Bismarck had been the cleverest diplomat of his time. In spite of the Triple Alliance and Russia’s rivalry in the Balkans with Austria-Hungary, he persuaded the Russians to renew a pact of mutual assistance he had made with them. After he was removed from the post of chancellor the agreement was not renewed again. The French, worried by the Triple Alliance, took advantage of this opportunity and in 1894 formed an alliance with the Russians. It was called the Dual Alliance.

“FRIENDLY UNDERSTANDING”

The continental powers were now divided, with Germany, Austria-Hungary and Italy on one side and France and Russia on the other. For a time, it looked as though the split between the two sides might be healed. In 1895, Germany helped France and Russia force the Japanese out of Manchuria. During the Fashoda Crisis and the Boer War, all five powers united against the British. Then Britain entered the competition for power and the split instead of healing became wider.

For many years, the British had gone their own way, relying on their navy, the world’s largest and strongest, to protect them at home and throughout their empire, but the violence of the anti-British feeling stirred up in Europe by the Fashoda Crisis and the Baer War gave them a shock. They suddenly felt alone and in need of friends. Their relations with France and Russia were very bad; perhaps Germany was their logical ally. Some Englishmen thought so, but others recalled the kaiser’s telegram of congratulations to President Kruger of the Transvaal — a deliberate insult to their country. They pointed out a disturbing fact: since 1898, when the kaiser had begun to build a navy, Germany had launched more warships than Great Britain.

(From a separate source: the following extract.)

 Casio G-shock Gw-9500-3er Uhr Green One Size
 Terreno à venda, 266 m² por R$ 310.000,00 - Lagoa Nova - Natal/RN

Living on an industrialized and thickly populated island, the British were in a different situation from the continental Europeans. They had to import most of their needs, including food and to export their manufactured goods, maintain a large merchant fleet, as well as a navy large enough to defend both their merchant ships and their far-flung colonies.

If war came, other nations could obtain supplies by land, but the British could only get theirs by sea. An enemy that could block the sea routes to their ports would at once threaten their ability to wage war and might well starve them into surrender. Control of the waters around Great Britain was a matter of life and death. So the news that the Germans were building a fleet of modern warships alarmed the British and they grew even more alarmed as the new German navy grew more powerful. Their leaders insisting that the British navy have two warships, for every one of all other navies combined announced an ambitious shipbuilding program and soon the British and the Germans were engaged in a frantic race to build up their navies.

Year after year the race went on, at great expense to the British and German taxpayers. In Great Britain, fear of Germany mounted, until, by 1912, there were few Englishmen who doubted that the Germans would be their enemies if war came. Long before then, however, fear of Germany’s might had forced the British to give up their policy of not taking sides in European affairs and they had made an ally of their old enemy, France.

In 1904, the French recognized that the British were in Egypt to stay and the British recognized that the French had a right to move into Morocco. The two powers cleared up their other differences and agreed to support each other if an outside power should protest against their actions. This Anglo-French agreement was not a formal alliance, for neither country pledged itself to help the other in case of war. It became known as the Entente Cordiale, a French Phrase meaning “friendly understanding.”

No sooner was the agreement signed than the French tried to get Great Britain and Russia to settle their differences. After its defeat by Japan, Russia proved willing. The British more and more worried about Germany’s intentions, were also willing. In 1907‚ the two powers divided Persia into spheres of influence, Russia in the north and British in the south. This removed the last obstacle to friendly relations and Great Britain, France and Russia were joined together in a Triple Entente.

The older Triple Alliance now faced a strong combination than the Triple Alliance, but the Triple Entente was less tightly knit together than the Triple Alliance, for the British still refused to say that they would go to war for their partners.